Archibald James Carey Jr. (February 29, 1908 – April 20, 1981) was an American lawyer, judge, politician, diplomat, and clergyman from the South Side of Chicago. He was elected as a city alderman and served for eight years under the patronage of the politician William L. Dawson. He served for several years as a pastor in the African Methodist Episcopal (AME) Church, when he became known as a civil rights activist. In 1957, he was appointed by President Dwight Eisenhower as chair of his committee on government employment policy, which worked to reduce racial discrimination.

Appointed to the Circuit Court of Cook County, Illinois, in 1966, Judge Carey became a major figure in Chicago's political life, serving until 1979. He won numerous awards for his oratorical skills and contributions to civic improvement.

Early life and education
Archibald Carey Jr. was born on February 29, 1908, in Chicago, Illinois. The youngest of five children born to the Reverend Archibald J. Carey, a minister of the African Methodist Episcopal Church, and his wife, Elizabeth H. (Davis) Carey, Carey Jr. was a native of Chicago. He attended Wendell Phillips High School. He received a Bachelor of Science degree from Lewis Institute (now Illinois Institute of Technology) in 1928, as well as a  degree from Northwestern University in 1932, and a Bachelor of Laws degree from Chicago-Kent College of Law in Chicago in 1935.

Career
After being accepted to the bar, Carey set up a practice in Chicago. He became politically active and allied with William L. Dawson, a leading African-American politician on the city's South Side. Carey was twice elected to serve as an alderman from Chicago's Third Ward, serving from 1947 to 1955. During this time, he was chosen to give a speech to the 1952 Republican National Convention, which met that year in Chicago, and called for equal rights for all minorities.
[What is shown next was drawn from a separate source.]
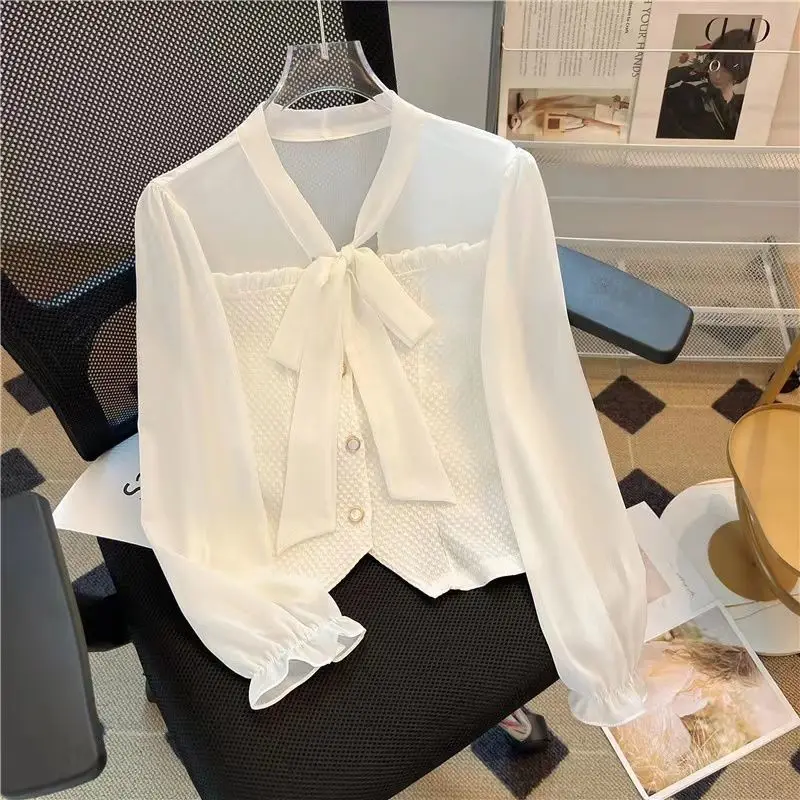 

Summer Oversized High Waist Korean Style Retro Women's Shirt Solid Splicing Lace V Neck BOW Long Sleeve Sweet Loose Chic Tops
The following year, Carey was appointed as an alternate delegate from the United States to the United Nations, serving from 1953 to 1956. From 1955 to 1961, he served on the President's Committee on Government Employment Policy; on August 3, 1957, he was appointed by President Dwight D. Eisenhower as Chair of the committee, succeeding Maxwell Abbell, who died. Carey was the first African American to hold this position. Already a confidante of Martin Luther King Jr. and active in the national civil rights movement, Carey worked to end employment discrimination in the government against blacks.

Carey was appointed as a county Circuit Court judge in Chicago in 1966, by which time he had switched parties to Democrat. He served until 1978, when he was forced by law to retire from the bench at 70 years of age. Because of the court's large caseload, he was reappointed to serve another year.

AME Church
In 1949, Carey was named as pastor of his father's church, Quinn Chapel AME Church in Chicago. He served through 1967, when he was named pastor emeritus.

In 1960 Carey addressed the World Methodist Council held in Oslo, Norway that year, discussing how AME activists in the United States drew from Wesleyan theology and praxis in their approach. He noted that they were inspired by the work of Richard Allen, the founder and first bishop of the AME Church. He was among numerous AME clergy and members who were active in the civil rights movement, but the institution as a whole at the time did not strongly embrace activism.

Family
Archibald J. Carey Jr. was married to Hazel Harper. They had a daughter, Carolyn Eloise.
Grandchildren:
Renee, Jennifer, Nicole, William, Archibald James, Christopher.

He died on April 20, 1981, in Chicago.

"Let Freedom Ring"

Carey gave a speech at the 1952 Republican National Convention, titled "Let Freedom Ring".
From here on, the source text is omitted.